Disasters and Public Opinion

In the news in 1979: A partial meltdown in rector 2 of the Three Mile Island nuclear power plant in Pennsylvania. Subsequent investigations estimated that the accident caused 2 people in 10 to have cancer from radiation exposure.

In the news in 1986: the nuclear power plant in Chernobyl, Ukraine (then the USSR) blows up, spilling radiation over thousands of square kilometers and causing numerous casualties from the explosion and subsequent radiation poisoning.

In the news in 1989: the Exxon Valdez tanker spills 250,000 barrels of oil off the coast of Alaska. At the time it was considered the largest oil spill in human history and the biggest man-made environmental disaster in history.

In the news in 2010: oil spill in the Gulf of Mexico where about 5,000 barrels of oil are leaking into the sea every day since an off-shore platform exploded at the end of April. The states of Florida, Alabama, Mississippi and Louisiana have declared a state of emergency.

Why is it that nuclear disasters in history have a worse reputation than oil spills? The two accidents involving nuclear power plants given above are the most notorious in history and are constantly cited as examples of why atomic energy is unsafe. Yet, everyone forgets to mention that since Chernobyl there has not been a major nuclear disaster in the world.

Yet, oil spills continue to happen. Tankers turn over and spill oil into the sea and off-shore platforms explode. The amount of damage caused to the environment because of these accidents is hard to calculate, but it is unimaginable. Recent reports from the latest catastrophe state that birds are being washed up on the Louisiana coast, covered in oil. So, why is the reputation of these two energy sources still miles apart?

First, nuclear disasters have devastating effects to both the human environment and the biosphere. This makes the effects easily perceivable because anyone can see the pain that patients suffering from radiation poisoning suffer. Human casualties are often perceived as much more devastating than animal deaths. After all, in today’s society people consume animals day and night, so it does not make much of a difference to most people.

Second, anyone who owns a car recognizes the need for oil in order to be able to drive and through this conduct their every-day business. Nuclear power is only useful for electricity production and it is one of many sources of this. Not many people are interested whether they are using electricity made from coal or uranium. Yet, they are conscious of whether they drive a petrol, diesel or lpg (liquefied petroleum gas) car.

What these two arguments go to show is why people do not really think about nuclear power unless a disaster happens. Yet, they think about oil every day and there is more of a balance between the negative and positive arguments. Nevertheless, there are two more facts to consider.

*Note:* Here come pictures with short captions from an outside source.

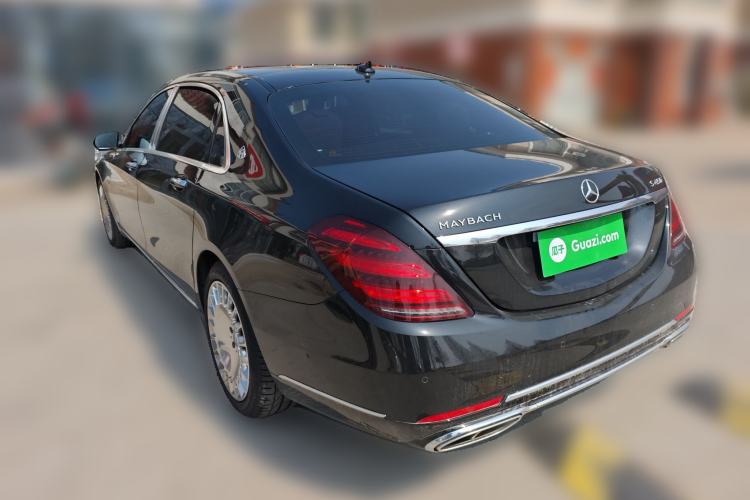 Used Mercedes-Benz Maybach S-Class 2020 S 450 4MATIC Rear Left 45 Deg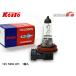  галоген клапан(лампа) H11 передняя фара свет 12V 55W PGJ19-2 T11 прозрачный 1 шт обычный автомобиль для обычный клапан(лампа) маленький нить завод маленький нить KOITO 0110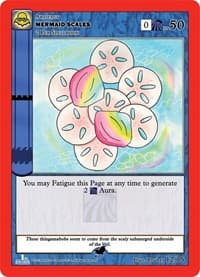 Mermaid Scales - Nightfall: First Edition Tribal Theme Decks - MetaZoo card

First, since the accidents on Three Mile Island and Chernobyl, nuclear power technology has been improved to ensure the safety of reactors. The 58 nuclear reactors in operation in France at the moment have not seen an accident. The USA currently has 104 atomic reactors in operation, and still the only catastrophe the population has heard of is the one mentioned above. Associating the 408 reactors in operation in the world with 2 disasters seems to be a false generalization.

Second, nuclear power is a green and sustainable source of energy. The same cannot be said about oil. Apart from oil spills which cause destruction to wildlife, pollute the seas and harm the biosphere, oil-based products pollute the air we breathe. In today’s globalized world, everyone has heard of global warming and the adverse effects on the world’s climate from burning fossil fuels. Many people have also heard of wars being fought over securing oil supplies from the regions of the world which hold an abundance of the resource. Yet, they comfortably forget about these facts when they drive their car to the supermarket 500 meters from their house.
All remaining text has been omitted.